The folly of my North American thinking. Caroline oversaw the restoration work in the autumn, and together we managed the choice of a frame over WhatsApp, but I soon discerned that framing a beautiful piece of art was like taking coffee. One does it in person. Supply chain issues provided an easy excuse over the ensuing six months, and anyway, there was nothing like choosing the right matte in person, standing the luminosity of the Antibes’ ever-present sunlight. So in addition to dealing with the Wi-Fi on our return to Bellevue – the details about how we reconnected the service with a cash tip to an off-duty telecoms employee probably merits a post of its own – so in addition to this early-summer task, I also found myself standing in the bright alleyway of Caroline’s new atelier. Again I sensed her hand and opted for the lightest of three preselected mattes to best show off the beloved sketch.
As we finalized the price during our next-to-last consultation, she jotted down figures. “Vous êtes très gentille,” I said, calling her “kind” as I watched her fee mount and come down again.
“C’est mon deuxième nom,” she said playfully. “Kind” was her middle name.
I laughed, delighted with the outcome of everything, and paused. Now was the right time, if ever. I trembled at how the notion of being the object of a blog post would strike the French artisan, much less how she’d respond to the idea of answering a series of quick, Colbert-esque questions.
L’encadreuse hovered between being intrigued and too busy. Indeed, my penultimate appointment was sandwiched between two others, the following one completely unforeseen, but Caroline had ushered the elderly women into her studio, and as I asked my curious question, the woman sat behind me clutching a broken frame. On my final visit to the atelier, though, as Caroline and I stand together over the beautifully cleaned, mounted, and framed sketch of Bellevue’s front door, she is ready to give me and my American-style questions a go. So, l’encadreuse de Fersen:
Peaches or figs? Figs.
Cats or dogs? Neither.
Jet ski or paddleboard? Paddleboard.
Croissant or pain au chocolat? Neither.
Haute couture or haute cuisine? Les deux! Both of them!
Favourite smell? Jasmine.
Worst smell? Burnt plastic.
Sunshine or thunderstorm? Sunshine, I guess, but neither really.
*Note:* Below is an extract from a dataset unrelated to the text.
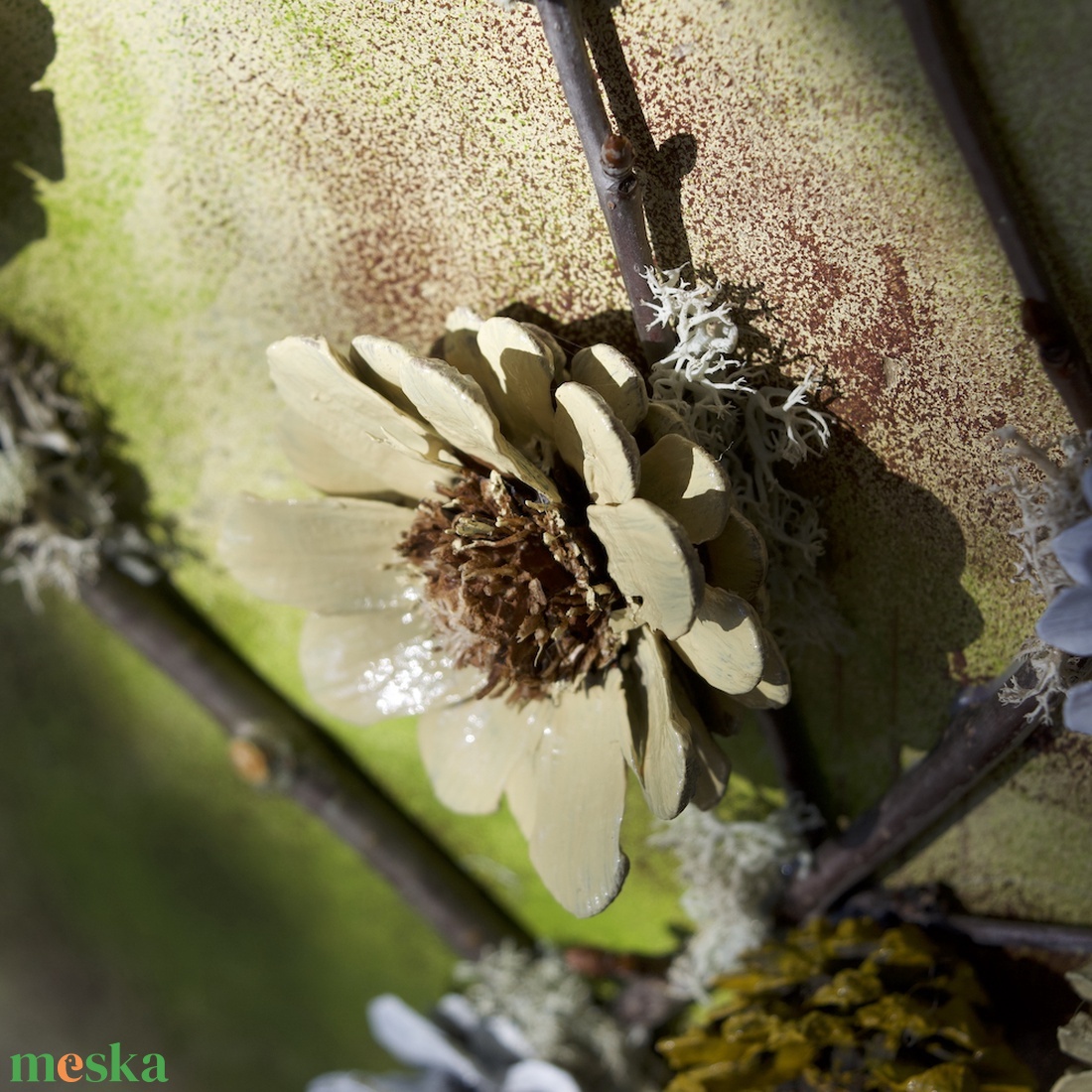 Tavaszi-húsvéti fali/ajtódísz tobozvirágokkal - ünnepi díszek, dekorációk - húsvéti díszek és dekorációk - húsvéti ajtódísz, kopogtató - Meska.hu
Morning or nighttime? Morning.
Johnny Halliday or Céline Dion? Neither.
Baguette or saucisson (a dried French sausage)? Baguette. I don’t eat meat.
Sandy beach or pebbly beach? Sandy. I’m too old for la plage de galets! It hurts your feet.
Red wine or rosé piscine? Ça dépend du contexte. If I was a purist, I’d say red wine, but I don’t want to be a hypocrite, so I’ll say rosé. It’s easy in the summer. If the question was white wine or rosé, now that would be a dilemma!
Favourite French word? Magnifique.
Favourite English word? Primavera. I can only think of a favourite word in Spanish!
Favourite place you’ve visited? Un bon bistrot, une bonne table with fresh, authentic products.
Place you want to visit? She searches her mind. Une auberge. I want to sleep on a farm.
I push her. What about other places to visit, like when you go en vacances?
“I don’t want to make a trip of foreign capitals. I like culture with authenticité. La France est magnifique.”
I like the way she uses her favourite word to describe her favourite place. I also realize that once again l’encadreuse has pinpointed our cross-cultural thinking. We must remember the beauty of our own backyards.
Still, for those of us with some degree of wanderlust, I offer comfort: There’s a reason France always tops the list of the world’s best holiday destinations.